HOUSTON -- Tilman Fertitta, 24 years after he first tried to buy the Houston Rockets, finally achieved his longtime dream of owning the NBA franchise in his hometown.
Fertitta, a Texas businessman who lost out to a bid by Leslie Alexander when the Rockets were sold for $85 million in 1993, was giddy to get the chance to pay $2.2 billion -- the most ever for an American sports franchise -- when Alexander put the team up for sale this past summer.
"I got to a point where I said, 'Gosh, if I laid my head down on the pillow for the last time, the one thing I never got to accomplish was owning a team in my hometown,'" Fertitta said during an introductory news conference Tuesday at the Toyota Center. "I've looked at other teams in the last few years, but it's just not the same. You just can't own a team not in your hometown, as far as I'm concerned.
"I started listening to the San Diego Rockets when I was junior high school when they said they were moving to Houston, Texas, with Elvin Hayes. That's when I became a Houston Rockets fan, when they were in San Diego, so I've been on the ride from the beginning. Les kept me involved with the team. I have the two championship rings from '93 and '94, but this is a different feeling, let me just tell you guys. I feel very special that this opportunity came to me."
Fertitta, 60, the owner of Golden Nugget Casinos and Landry's, a Texas-based restaurant and entertainment company, called the Rockets "a generational asset" that his four children (sons Michael, Patrick and Blake and daughter Blayne) would run long after he dies.
"Honestly, nothing even compares," said Fertitta, who kidded that his friendship with Alexander didn't earn him any favors in negotiations. "Nothing compares whatsoever. This is the ultimate. It's the ultimate. You're in a club of 30. Anybody can go build a boardwalk, anybody can build an aquarium, anybody can build tall buildings, but not everybody gets to own an NBA franchise. And, gosh, to get lucky to pay $2.2 billion, how lucky can I be?"
Fertitta does not plan to make significant immediate changes to the Rockets. He said he would have the final say on future personnel decisions that involve the luxury tax, but he intends to rely heavily on the advice of a staff headed by Daryl Morey, whom Fertitta called "the best general manager in the NBA."

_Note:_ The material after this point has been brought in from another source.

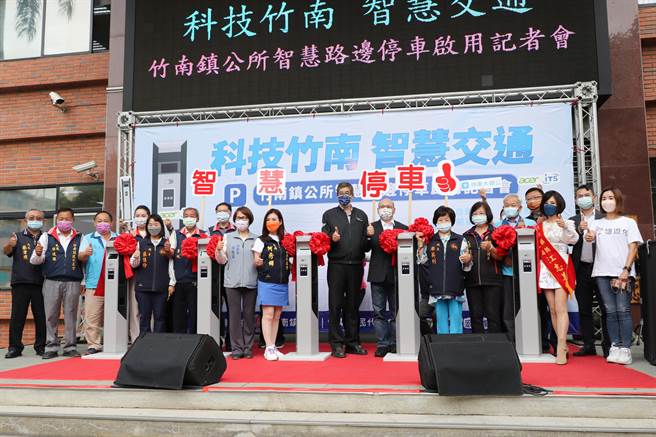 副县长邓桂菊与镇长方进兴偕同来宾剪彩。（李京升摄）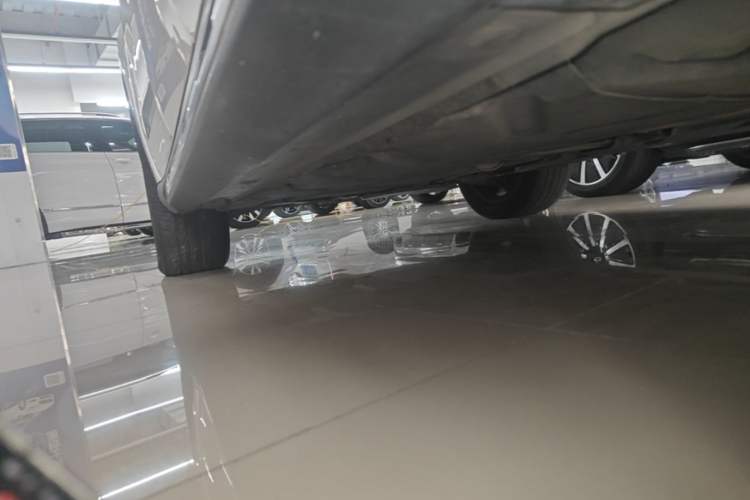 Used Mercedes-Benz GLA 2015 GLA 220 4MATIC Fashion Model Left Side Sill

"I know what I know, and I know what I don't know," Fertitta said. "On the business side, I'll be a huge support to [Rockets CEO Tad Brown], not that he needs it. I'm into details. I'm not into micromanaging. But I can tell you this, I thought I knew a lot about basketball. I've learned more about basketball in the last 30 days than I learned in the last 30 years, hanging around Daryl and the basketball people. It's a different technology and a different science than what the fan sees. Like I said, I know what I know and what I don't know. I just don't want surprises.
"Are there tough decisions to make? Absolutely. And does the buck stop with me when things are good and they're bad? Yes, but I rely heavily, heavily, heavily on the people that get up and do this every day."
Fertitta joked that he would have preferred to pay a billion dollars less for a franchise that lacked established superstars. Turning serious, he laid out the high expectations for Houston after Morey engineered an offseason trade to pair Chris Paul with James Harden.
"To walk into this situation with James Harden and Chris Paul is unbelievable," Fertitta said. "You've got to remember the name of the game is to get to the playoffs, and this is a superstar league. You are not going to get to the playoffs every year and likely make it to the second round if you don't have a James Harden playing for you. You add a guy like Chris Paul, and you should get to the Western Conference finals.
"That's the way the league's going is two or three stars per team. And you know what? If we don't get where we need to be this year with two superstars ... we're going to make good decisions, and we're going to do whatever it takes to win. I can promise you that."